Kebijakan itu berlaku 45 hari setelah diundangkan. Namun, TikTok dan WeChat akan tetap bisa beroperasi di Negeri Paman Sam, jika dijual ke perusahaan AS.
TikTok mengaku kaget atas kebijakan tersebut. Perusahaan juga membantah tuduhan Trump itu.
Perusahaan asal Negeri Panda itu menilai, perintah eksekutif yang dikeluarkan Trump berisiko merusak kepercayaan bisnis global terhadap komitmen AS terhadap supremasi hukum.

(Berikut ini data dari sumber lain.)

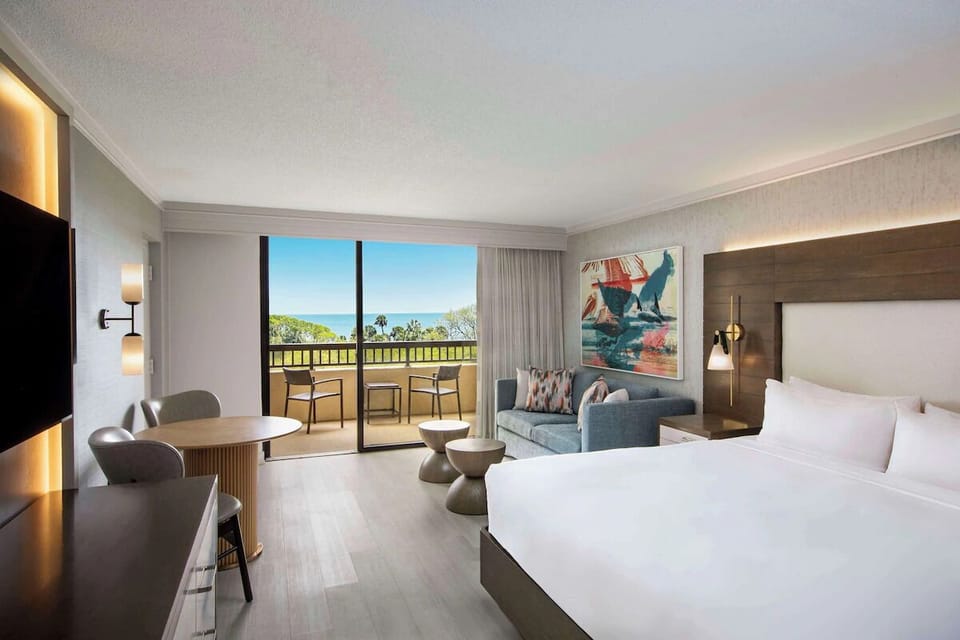Enjoy sunset drinks by the window with a sweeping ocean backdrop.
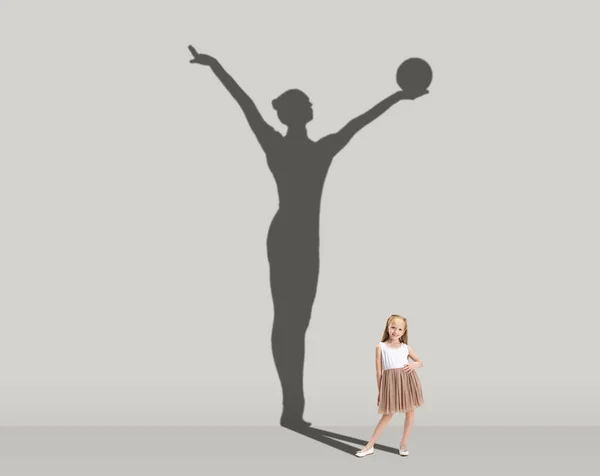 Les enfants et l'avenir. Image conceptuelle avec une petite fille rêvant de devenir gymnaste isolé sur un mur gris studio. Focus sur l'ombre — Photo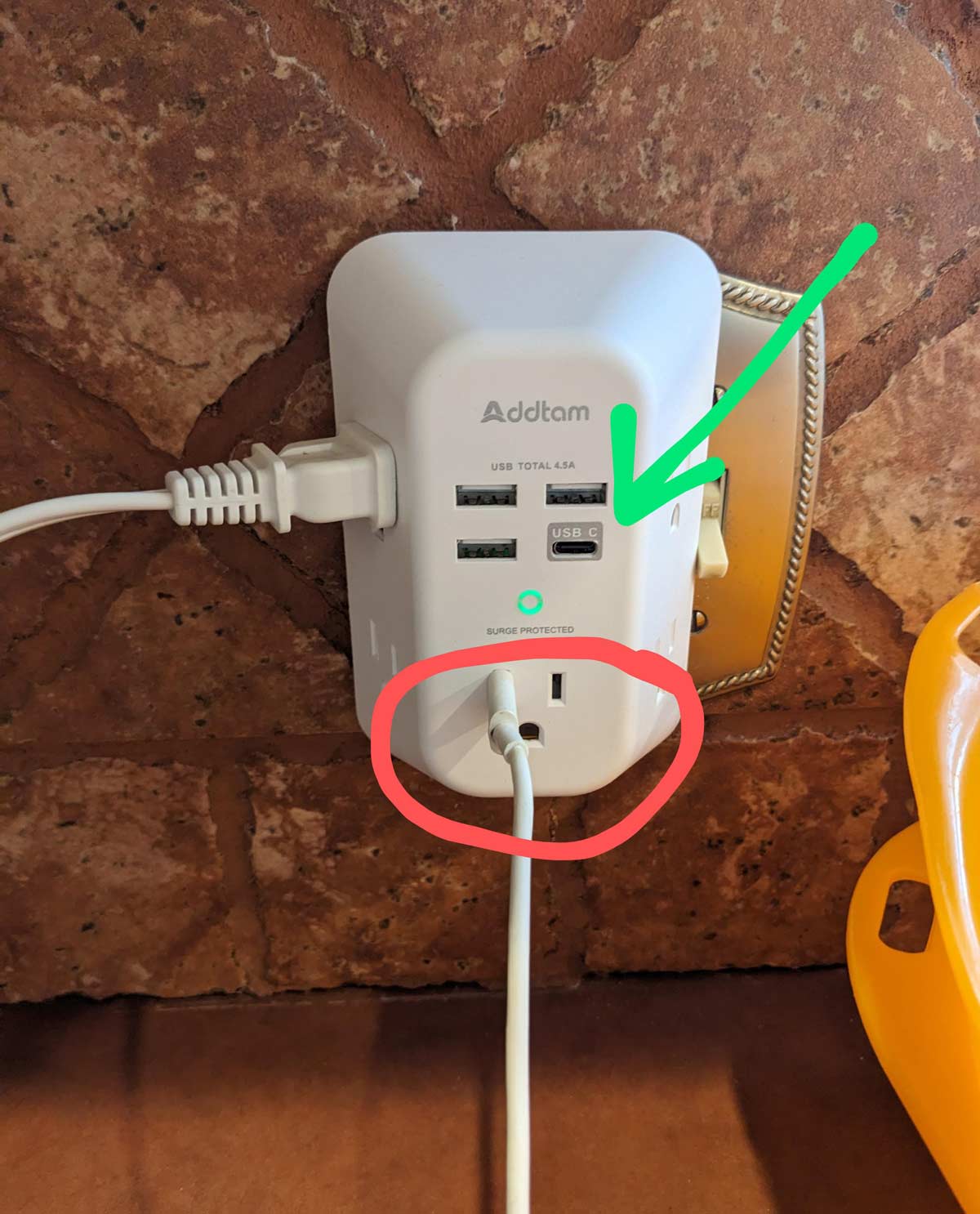 My wife was wondering why the phone was not being charged (Green usb-c connection, Red - Outlet)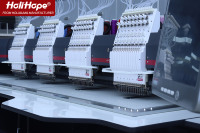 Machine à broder industrielle informatisée chinoise de pointe à 4 têtes, aussi bonne que les machines à broder Tajima Swf pour casquettes, t-shirts, logos plats et 3D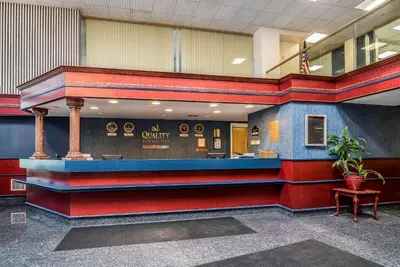 a lobby of a courthouse with red and blue at Quality Inn & Suites Albany Airport in Latham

Padahal, “ini menjadi magnet bagi investasi dan memacu pertumbuhan ekonomi AS selama beberapa dekade,” kata perusahaan.
TikTok juga mulai mempersiapkan pengiklan atas kemungkinan iklan yang tidak dapat berjalan akibat kebijakan tersebut. Perusahaan menegaskan akan mengembalikan uang para pengiklan, jika iklan benar-benar tidak bisa ditayangkan di aplikasi di AS.
Perusahaan akan menawarkan para pengiklan untuk memindahkan kampanye iklan ke platform lain, setelah perintah eksekutif itu efektif berlaku. “Kami berkomitmen untuk menjadi mitra tepercaya bagi merek, agensi, dan pemasar," kata Wakil Presiden TikTok untuk solusi bisnis global Blake Chandlee.